Appendix B. More about the workings of HDFS

Hadoop Distributed File System (HDFS) is the underlying distributed file system that is the most common choice for running HBase. Many HBase features depend on the semantics of the HDFS to function properly. For this reason, it’s important to understand a little about how the HDFS works. In order to understand the inner working of HDFS, you first need to understand what a distributed file system is. Ordinarily, the concepts at play in the inner workings of a distributed file system can consume an entire semester’s work for a graduate class. But in the context of this appendix, we’ll briefly introduce the concept and then discuss the details you need to know about HDFS.

B.1. Distributed file systems

Traditionally, an individual computer could handle the amount of data that people wanted to store and process in the context of a given application. The computer might have multiple disks, and that sufficed for the most part—until the recent explosion of data. With more data to store and process than a single computer could handle, we somehow needed to combine the power of multiple computers to solve these new storage and compute problems. Such systems in which a network of computers (also sometimes referred to as a cluster) work together as a single system to solve a certain problem are called distributed systems. As the name suggests, the work is distributed across the participating computers.

Distributed file systems are a subset of distributed systems. The problem they solve is data storage. In other words, they’re storage systems that span multiple computers.

 

Tip

The data stored in these file systems is spread across the different nodes automatically: you don’t have to worry about manually deciding which node to put what data on.
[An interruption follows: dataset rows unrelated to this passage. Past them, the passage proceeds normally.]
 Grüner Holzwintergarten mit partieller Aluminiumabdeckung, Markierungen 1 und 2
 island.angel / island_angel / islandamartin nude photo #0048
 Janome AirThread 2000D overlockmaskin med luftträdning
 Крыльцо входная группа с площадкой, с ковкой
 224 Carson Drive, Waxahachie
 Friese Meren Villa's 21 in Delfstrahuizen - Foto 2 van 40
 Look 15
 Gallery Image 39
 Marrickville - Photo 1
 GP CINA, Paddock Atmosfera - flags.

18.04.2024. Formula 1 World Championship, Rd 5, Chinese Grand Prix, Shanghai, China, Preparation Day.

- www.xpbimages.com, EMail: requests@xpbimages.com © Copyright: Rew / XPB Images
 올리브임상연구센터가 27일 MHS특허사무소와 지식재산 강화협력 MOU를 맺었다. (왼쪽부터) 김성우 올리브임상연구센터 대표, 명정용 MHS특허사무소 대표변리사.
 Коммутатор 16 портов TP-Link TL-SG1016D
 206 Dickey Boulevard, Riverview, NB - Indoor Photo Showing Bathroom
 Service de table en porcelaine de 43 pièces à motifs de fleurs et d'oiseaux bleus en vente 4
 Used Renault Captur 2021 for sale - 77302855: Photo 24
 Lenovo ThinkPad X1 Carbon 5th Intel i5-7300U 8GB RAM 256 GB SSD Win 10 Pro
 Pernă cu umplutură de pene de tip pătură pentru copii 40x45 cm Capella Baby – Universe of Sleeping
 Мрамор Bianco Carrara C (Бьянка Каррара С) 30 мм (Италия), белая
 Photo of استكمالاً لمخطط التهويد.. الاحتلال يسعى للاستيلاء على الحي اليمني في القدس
If you’re curious to know more about the placement strategy of HDFS, the best way to learn is to dive into the HDFS code.

 

Distributed file systems provide the scale required to store and process the vast amount of data that is being generated on the web and elsewhere. Providing such scale is challenging because the number of moving parts causes more susceptibility to failure. In large distributed systems, failure is a norm, and that must be taken into account while designing the systems.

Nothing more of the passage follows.